First of all let me thank you for your reply

Actually I am looking migrant visa to Australia or New Zealand 
unfortunately I don't have 3 Graduation in IT field

at the sme time I have Masters in IT field.

from your point of view what is the best way to migrate any of those countries ?
I am bit worried about gain point with my Bachelors

thanks in advance


----------



## ayesha (Jul 20, 2013)

hi , did you get answer . I am in similar situation .

Thanks


----------



## MarkNortham (Dec 19, 2012)

Hi -

There are 2 things you may want to consider: for DIAC skilled visa points, if your Bachelor's is from an accredited school, you may get the 15 points towards the skilled visa points test even if the subject you studied is not closely related to your occupation. DIAC does not require a bachelors degree to be relevant to your occupation in order to get the 15 points.
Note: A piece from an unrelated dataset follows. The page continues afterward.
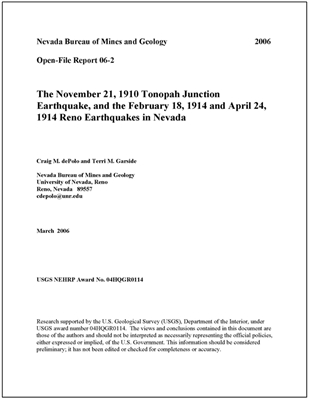 The November 21, 1910 Tonopah Junction earthquake, and the February 18, 1914 and April 24, 1914 Reno earthquakes in Nevada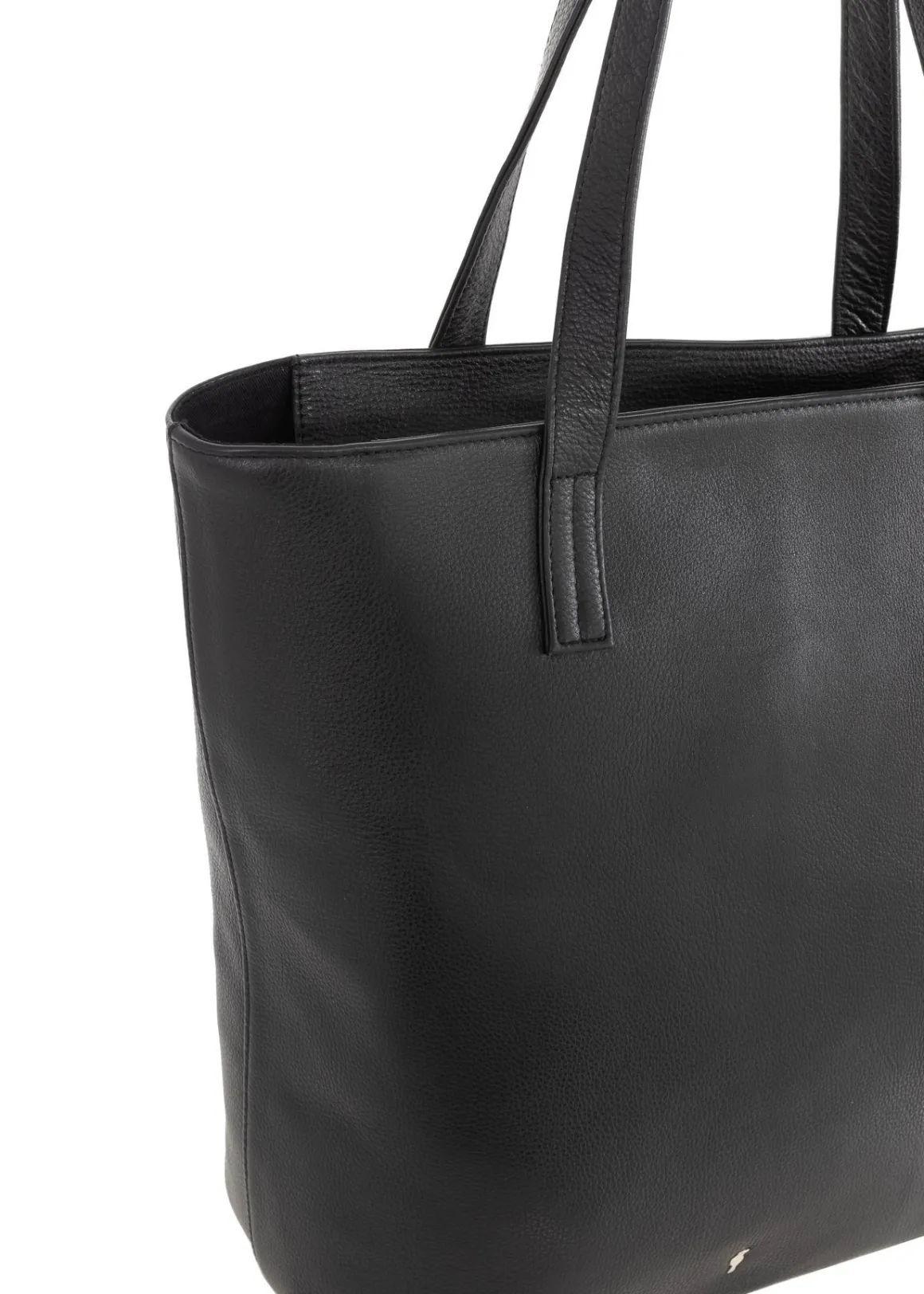 Czarna skórzana torebka shopper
That being said, most skills assessment authorities DO require that the bachelor degree be highly relevant to your occupation. If you have a Bachelor degree that is not closely related to your occupation, some skills assessment authorities offer a "recognition of prior learning" (RPL) version of their skills assessment where they substitute a number of years of relevant experience for a degree. In these cases, they will deem an applicant "skilled" after x years of experience. Assuming a skills assessment authority required 5 years of experience for RPL in cases where there is not a relevant degree, if a person had 8 years total experience, 5 would be used for RPL, leaving the applicant "skilled" after 5 years. That's great, but the downside is that for the points test for DIAC, only "skilled" employment is eligible to be counted for points - that means employment after you get your degree/qualification, or in the case of RPL, employment after the date you are considered to be "skilled". So in our example, you would then be able to claim only 3 years of experience for the points test out of your 8 years.

Hope this helps -

Best,

Mark Northam


----------



## ayesha (Jul 20, 2013)

Hi , 
My agent is saying that rules have been changed now . he is saying if i have 8 year of experiance that wiill count 8 year of experiance doesnt matter pre qualification or post qualification as long as my emplyment was paid and full time . is he misguiding me . I started working as a junior application develper in 2005 after completing my high school and short diploma . I moved to UK and while i was doing my diploma and then Master from univeristy i was working 20 hours paidly. Isnt that experiance gonna count becuse in absence of that it hard for my to score 60.
Age : 30
Degree : 15
Employement 8 year : 15
IELTS 6.0 band : 0 
Can you please help as i am really confuse ?
Many Thanks 


MarkNortham said:


> Hi -
> 
> There are 2 things you may want to consider: for DIAC skilled visa points, if your Bachelor's is from an accredited school, you may get the 15 points towards the skilled visa points test even if the subject you studied is not closely related to your occupation. DIAC does not require a bachelors degree to be relevant to your occupation in order to get the 15 points.
> 
> ...


----------



## MarkNortham (Dec 19, 2012)

Hi Ayesha -

It's not possible for me to give you any sort of a detailed assessment of your case via the forum - there are simply too many details to consider - Australian immigration law is complex and there are many details to look at. If you'd like to have us do a detailed assessment of your case, please click on my website in the signature and click on "Consulting" in the top middle area.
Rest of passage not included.